Les TPE/PME ne s'imaginent pas être des cibles, sauf que toutes ces entreprises sont dépendantes de l'informatique et elles sont aussi des fournisseurs de plus grands entreprises. Aujourd'hui, l'une des attaques les plus dangereuses, ce sont les attaques de type supply chain qui utilisent les fournisseurs des uns pour entrer chez les autres.

Avec l'IA, on est aujourd'hui capables d'identifier le comportement des personnes à risque, grâce au phishing awarness (des simulations d'attaques). Il faut savoir qu'avec de bons réflexes, on divise le risque par 10. Et concernant le secteur de la santé, si les établissements sont dans l'incapacité de travailler, les rançons demandées peuvent être conséquentes et les informations confidentielles peuvent être monnayées ou mises sur le dark web. C'est une cible facile car les hôpitaux ont peu de moyens et leur informatique est vieillissante et souvent très mal sécurisée.

Quelle est la suite pour Vade ?

En ce qui me concerne, je vais devenir moins opérationnel et c'est mon associé Adrien Gendre qui prend la direction générale adjointe en France.
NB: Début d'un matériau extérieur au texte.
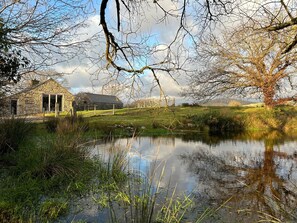 A stone building with a large window and a door, surrounded by a grassy area and a pond. - Hafod Y Llyn (Porthmadog)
Je vais surtout m'occuper de transmettre et de passer la bonne parole pour le développement européen de la cybersécurité au travers du groupe pour lequel je deviens actionnaire et board member.

Je vais m'investir dans Auriga Cyber Venture, un fonds d'investissement que j'ai créé avec des industriels de la cybersécurité en 2022. Nous avons déjà levé 55 millions et nous espérons atteindre les 70 M€. On souhaite investir en early stage dans des éditeurs de la cybersécurité. Nous avons déjà investi dans 13 entreprises, dont deux régionales : Crypt et OverSooC.

Et concernant Vade, nous voulons augmenter nos parts de marché en France, avec l'ambition d'atteindre une croissance de l'ordre de 50% par an d'ici quelques années.

Zoom sur Hornetsecurity Group et sur Vade

- Hornetsecurity : fournisseur mondial de solutions de sécurité, de conformité, de sauvegarde et de sensibilisation à la sécurité de nouvelle génération basées sur le cloud. Son produit phare est la solution de sécurité cloud pour Microsoft 365. Avec ses 400 collaborateurs, le groupe allemand est présent dans plus de 30 pays, avec des services utilisés par plus de 50 000 clients.

- Vade : née en 2004 sous le nom de Vade Retro (une marque du groupe Goto Software créé par Georges Lotigier et Thierry Tarnus), l'entreprise basée à Hem a pris le nom de Vade Secure en 2015 pour s'appeler aujourd'hui Vade. L'entreprise sécurise 1,5 milliard de boîtes aux lettres grâce à ses solutions, qu'elle adresse aux fournisseurs d'accès à Internet, aux PME et aux MSP (Manage Service Provider) ou sociétés de services informatiques qui gèrent à distance les services informatiques de ses clients.

Au siège social de Hem travaillent 150 collaborateurs sur les 200 que compte la France. 50 autres sont répartis entre le Japon, les Etats-Unis et le Royaume-Uni. L'entreprise ne communique pas sur son chiffre d'affaires mais en réalise 55% à l'export.